Techniquement, oui, car le pays est fermé. Mais la question est : qui voudrait la demander ? À part quelques transfuges politiques très rares dans les années 60 et 70, personne n'a jamais obtenu la citoyenneté nord-coréenne par choix. C'est une citoyenneté de naissance ou de survie, pas une option d'expatriation.
Quel est le pays le plus rapide pour obtenir une citoyenneté ?
Si vous avez des ancêtres, l'Italie ou l'Espagne peuvent être très rapides via le droit du sang. Sinon, l'Argentine est connue pour être l'un des pays les plus accueillants, avec une possibilité de naturalisation après seulement 2 ans de résidence, même si le processus administratif peut être chaotique.
Peut-on perdre sa citoyenneté après l'avoir obtenue ?
Oui, absolument.

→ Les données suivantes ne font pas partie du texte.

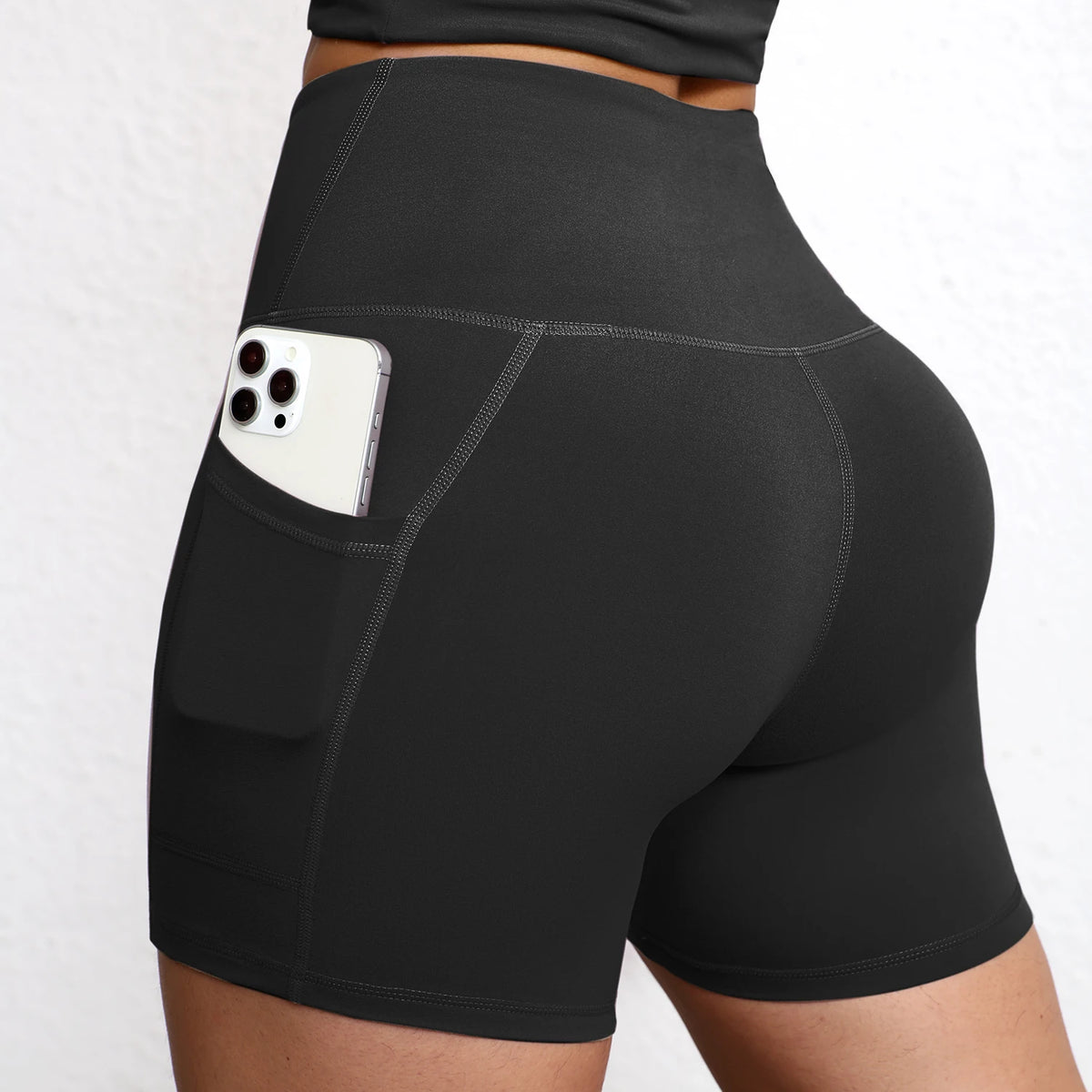 Pantalones de Yoga de Color Sólido con Bolsillos, de Secado Rápido, Cintura Alta, Shorts de Yoga con Efecto Push-Up para Mujer, Transpirables, para Entrenamiento y Fitness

Dans des pays comme le Bhoutan ou les pays du Golfe, la citoyenneté peut être révoquée pour "déloyauté". Dans les pays occidentaux, c'est beaucoup plus rare et généralement réservé aux cas de terrorisme ou de fraude massive lors de la demande initiale.
La maîtrise de la langue est-elle toujours obligatoire ?
Presque partout aujourd'hui. Même des pays autrefois souples comme la Suède commencent à introduire des tests de langue. C'est devenu l'outil numéro un pour filtrer les candidats et s'assurer d'une intégration minimale.
Verdict : Le plus dur n'est pas forcément là où on l'attend
Si l'on regarde froidement les faits, la citoyenneté la plus difficile à obtenir est celle qui vous oblige à renoncer à votre âme pour un morceau de papier. Le Vatican est inaccessible par nature, le Bhoutan par protectionnisme culturel, et la Chine par idéologie. Mais pour moi, le vrai défi se situe dans ces pays qui vous ouvrent la porte à moitié, comme le Qatar ou l'Arabie Saoudite, en vous laissant espérer une intégration qui n'arrivera jamais. Honnêtement, c'est flou pour beaucoup de gens, mais la citoyenneté n'est plus seulement un statut juridique, c'est devenu un produit de luxe pour certains et une forteresse pour d'autres. L'essentiel à retenir, c'est que le monde se referme sur ses frontières identitaires. Obtenir un nouveau passeport aujourd'hui demande soit un héritage génétique parfait, soit une patience de saint, soit un compte en banque capable de faire fléchir les administrations les plus rigides. Et même avec tout ça, le facteur chance reste prédominant.